- While Bitcoin has seen local volatility, the coin is in a tight range on a medium-term basis.
- The coin has traded between $10,000 and $11,000 over the past few weeks.
- BTC now trades for $10,650 as of this article’s writing, smack dab in the middle of the range.
- A top analyst says that Bitcoin is primed to retest $11,000, then undergo a rejection in the coming weeks.
- This rejection could take BTC towards the CME futures gap around $9,500, the analyst predicts.
- This analyst is the same one that predicted in the middle of 2018 that Bitcoin would hit $3,200 at the bottom of the bear market.
Bitcoin Could Soon Move Towards $9,500
Bitcoin has consolidated in a $1,000 range between $10,000 and $11,000 over the past few days.
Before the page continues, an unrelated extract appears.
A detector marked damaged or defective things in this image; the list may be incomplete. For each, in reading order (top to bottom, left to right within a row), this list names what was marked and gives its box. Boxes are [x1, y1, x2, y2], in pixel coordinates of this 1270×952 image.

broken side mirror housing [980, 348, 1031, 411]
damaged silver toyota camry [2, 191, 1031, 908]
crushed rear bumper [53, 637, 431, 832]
This consolidation is expected to continue, according to a cryptocurrency analyst who predicted 2018’s bottom price to 1-2%.
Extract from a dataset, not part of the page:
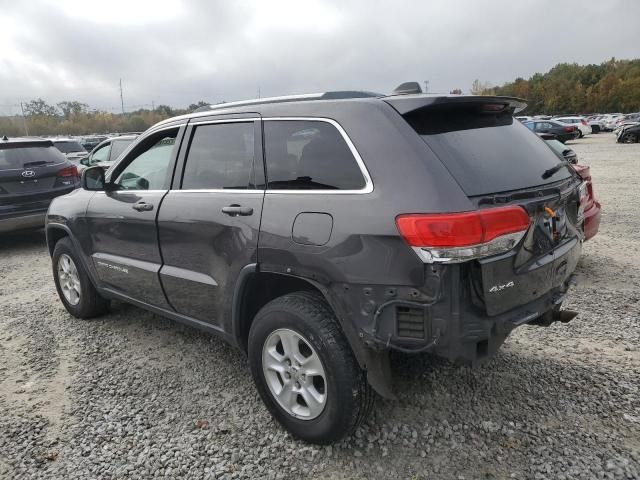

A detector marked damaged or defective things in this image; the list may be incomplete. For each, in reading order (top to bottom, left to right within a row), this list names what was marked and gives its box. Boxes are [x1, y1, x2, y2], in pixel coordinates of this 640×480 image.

The analyst shared the chart below on September 25th, noting that there’s a likelihood Bitcoin hits $11,000 by the end of September, then plunges to $9,500 by the middle of October.
He thinks that this would satisfy an Elliot Wave pattern playing out on BTC’s medium-term chart.
“this is how im banking on btc price action to look over the next few days, the 5 wave decline from 11.2k signals that was the start of a move down and not the end of it. will be looking to short 10.9k and only longing if 11.2k is taken out again although i suspect it wont.”
Chart of BTC's price action over thet past few months with analysis by crypto trader SmartContracter (Twitter handle). Chart from TradingView.com
Legacy Market Rally Could Save BTC
A legacy market rally could save the cryptocurrency market, though.
With new hopes about the fiscal stimulus bill and an assertion by the Federal Reserve to maintain low interest rates, capital markets may continue their ascent, helping Bitcoin.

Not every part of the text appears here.